Drug-induced transcendence? That's a new one on me. But generally no. I believe that the brain is a highly tuned organ, and pissing around with it chemically, make its do stupid things, which at the time, might seem reasonable within your conciousness, but ultimately don't tend to hold much worth. Sure, you can come to meaningful conclusions, but I think that if someone should be able to come to those conclusions without the use of drugs.

Nitrous is the best example. I don't know if this is universal, but all of my friends, during a nitrous high, feel they understand the universe, that they have solved some deep spiritual unknown problem. When they come to, they can't remember it, and its because it doesn't make sense, its not that they answered a question, its that they had the feeling of solution. There is no question to answer, so one can't solve it.

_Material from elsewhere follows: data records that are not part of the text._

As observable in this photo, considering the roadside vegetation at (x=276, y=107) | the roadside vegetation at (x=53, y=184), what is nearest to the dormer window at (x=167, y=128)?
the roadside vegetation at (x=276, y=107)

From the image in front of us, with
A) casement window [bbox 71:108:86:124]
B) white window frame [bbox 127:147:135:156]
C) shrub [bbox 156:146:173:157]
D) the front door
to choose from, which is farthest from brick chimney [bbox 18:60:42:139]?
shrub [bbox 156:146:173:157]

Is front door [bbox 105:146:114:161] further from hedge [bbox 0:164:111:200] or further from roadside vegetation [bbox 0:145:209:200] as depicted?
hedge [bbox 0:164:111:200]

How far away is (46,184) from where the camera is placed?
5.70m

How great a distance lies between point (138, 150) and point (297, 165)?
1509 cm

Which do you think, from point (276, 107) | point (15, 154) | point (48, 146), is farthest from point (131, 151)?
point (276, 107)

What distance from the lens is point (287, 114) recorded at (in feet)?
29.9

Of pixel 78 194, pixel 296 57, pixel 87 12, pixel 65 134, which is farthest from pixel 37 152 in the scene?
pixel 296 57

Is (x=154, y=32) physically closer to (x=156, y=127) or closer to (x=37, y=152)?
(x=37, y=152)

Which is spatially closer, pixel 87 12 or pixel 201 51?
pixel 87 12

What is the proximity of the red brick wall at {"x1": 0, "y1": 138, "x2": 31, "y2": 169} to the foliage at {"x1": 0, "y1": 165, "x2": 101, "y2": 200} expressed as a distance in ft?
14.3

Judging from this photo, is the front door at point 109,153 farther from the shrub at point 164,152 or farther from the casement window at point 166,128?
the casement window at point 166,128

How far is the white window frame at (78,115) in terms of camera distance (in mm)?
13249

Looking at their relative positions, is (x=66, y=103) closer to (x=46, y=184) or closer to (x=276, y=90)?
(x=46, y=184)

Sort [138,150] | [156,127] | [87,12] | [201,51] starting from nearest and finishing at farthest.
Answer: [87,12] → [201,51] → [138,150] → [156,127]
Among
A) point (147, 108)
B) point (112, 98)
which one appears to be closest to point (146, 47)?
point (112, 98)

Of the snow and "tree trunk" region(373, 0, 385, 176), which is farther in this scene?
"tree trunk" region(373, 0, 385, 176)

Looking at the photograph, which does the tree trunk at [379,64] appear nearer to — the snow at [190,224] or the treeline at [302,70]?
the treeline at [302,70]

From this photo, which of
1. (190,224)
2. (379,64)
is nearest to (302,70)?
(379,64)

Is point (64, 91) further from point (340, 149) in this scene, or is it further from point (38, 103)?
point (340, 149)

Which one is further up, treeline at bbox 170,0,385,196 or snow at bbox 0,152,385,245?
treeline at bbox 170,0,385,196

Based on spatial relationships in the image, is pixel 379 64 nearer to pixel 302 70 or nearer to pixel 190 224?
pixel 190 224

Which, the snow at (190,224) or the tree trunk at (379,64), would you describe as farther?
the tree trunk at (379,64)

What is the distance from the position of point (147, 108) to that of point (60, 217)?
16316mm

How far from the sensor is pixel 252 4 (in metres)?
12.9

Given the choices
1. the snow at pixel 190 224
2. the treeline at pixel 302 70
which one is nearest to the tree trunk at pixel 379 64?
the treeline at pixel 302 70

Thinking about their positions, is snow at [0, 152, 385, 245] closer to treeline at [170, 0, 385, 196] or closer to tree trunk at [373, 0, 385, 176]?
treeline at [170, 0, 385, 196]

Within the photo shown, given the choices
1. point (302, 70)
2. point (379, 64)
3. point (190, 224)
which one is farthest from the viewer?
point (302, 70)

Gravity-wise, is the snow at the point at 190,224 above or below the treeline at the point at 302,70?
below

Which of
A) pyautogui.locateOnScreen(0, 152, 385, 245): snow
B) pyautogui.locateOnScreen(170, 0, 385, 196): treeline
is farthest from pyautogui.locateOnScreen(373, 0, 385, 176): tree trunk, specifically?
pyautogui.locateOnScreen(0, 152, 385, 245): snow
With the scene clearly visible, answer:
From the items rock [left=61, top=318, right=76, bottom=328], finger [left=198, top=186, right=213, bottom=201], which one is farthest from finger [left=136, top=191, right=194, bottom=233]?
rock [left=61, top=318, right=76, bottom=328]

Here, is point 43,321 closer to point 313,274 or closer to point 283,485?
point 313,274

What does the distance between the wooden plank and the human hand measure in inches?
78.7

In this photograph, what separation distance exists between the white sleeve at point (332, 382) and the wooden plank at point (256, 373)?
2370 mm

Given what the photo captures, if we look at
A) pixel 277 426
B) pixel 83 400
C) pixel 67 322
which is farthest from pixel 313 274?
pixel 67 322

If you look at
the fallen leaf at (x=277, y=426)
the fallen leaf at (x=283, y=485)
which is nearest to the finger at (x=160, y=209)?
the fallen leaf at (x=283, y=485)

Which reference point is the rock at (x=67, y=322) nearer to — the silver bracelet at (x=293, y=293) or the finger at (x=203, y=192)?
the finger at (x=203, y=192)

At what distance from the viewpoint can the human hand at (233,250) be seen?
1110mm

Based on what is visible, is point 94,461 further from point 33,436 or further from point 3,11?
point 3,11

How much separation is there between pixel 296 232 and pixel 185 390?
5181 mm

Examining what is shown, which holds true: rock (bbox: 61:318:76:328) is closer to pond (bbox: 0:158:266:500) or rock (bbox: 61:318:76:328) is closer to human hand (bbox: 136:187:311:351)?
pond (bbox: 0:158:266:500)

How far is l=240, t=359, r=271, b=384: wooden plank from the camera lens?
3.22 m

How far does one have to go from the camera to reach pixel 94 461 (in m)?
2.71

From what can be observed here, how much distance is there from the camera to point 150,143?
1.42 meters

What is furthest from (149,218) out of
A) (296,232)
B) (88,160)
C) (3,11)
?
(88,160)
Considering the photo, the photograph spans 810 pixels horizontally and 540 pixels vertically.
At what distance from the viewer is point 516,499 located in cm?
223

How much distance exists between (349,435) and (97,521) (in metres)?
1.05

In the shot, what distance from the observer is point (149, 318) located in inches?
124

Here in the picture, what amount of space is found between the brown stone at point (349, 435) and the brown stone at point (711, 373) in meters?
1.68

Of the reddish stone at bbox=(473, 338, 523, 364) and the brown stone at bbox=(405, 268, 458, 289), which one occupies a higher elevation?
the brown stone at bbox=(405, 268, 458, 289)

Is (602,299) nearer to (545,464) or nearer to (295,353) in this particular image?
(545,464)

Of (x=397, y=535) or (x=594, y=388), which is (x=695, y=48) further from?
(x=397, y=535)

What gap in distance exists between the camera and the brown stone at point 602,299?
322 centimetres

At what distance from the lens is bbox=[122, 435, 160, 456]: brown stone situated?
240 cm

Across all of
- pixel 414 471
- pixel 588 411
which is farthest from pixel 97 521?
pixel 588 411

Equally, I don't really believe in Nootropics. Sure, certain drugs can increase short term memory, and maybe long term, but there will be a cost, whether it's increased seizure risk, quicker loss of memories, lower concentration. And I also don't think that really makes you any 'smarter'.
 
rolled alone wouldnt work i need other ppl when im rolling because i feel there what there feeling and feed of the energy... only when im on MDMA not MDA...im antisocial on MDA i hate it
 
ive rolled alone once and overall i didnt really like it. i need friends around me to talk shit but i sorta fixed that with a mobile fone until the creditz ran out :( . i ended up going to a park late at night and cos i was on a good mda dose i tripped out ALOT e.g. watched the stars move around in time to the music i was listening to, watching the trees sway when there was no wind also the branches would twirl around lolz plus i got this recurring sound of trees falling. but overall i dont think its worth it i know for sure i wouldnt have bothered if it was mdma my best guess is i did it cause i was soooo bored out of my head. but each to their own i know people who love to roll alone
 
I've rolled alone once. It wasn't very fun, as i spent the nite watching Fear and Loathing... and listening to some tunes.

E is much better in a club setting or with a close friend/SO, it shows it's true strength in those situations.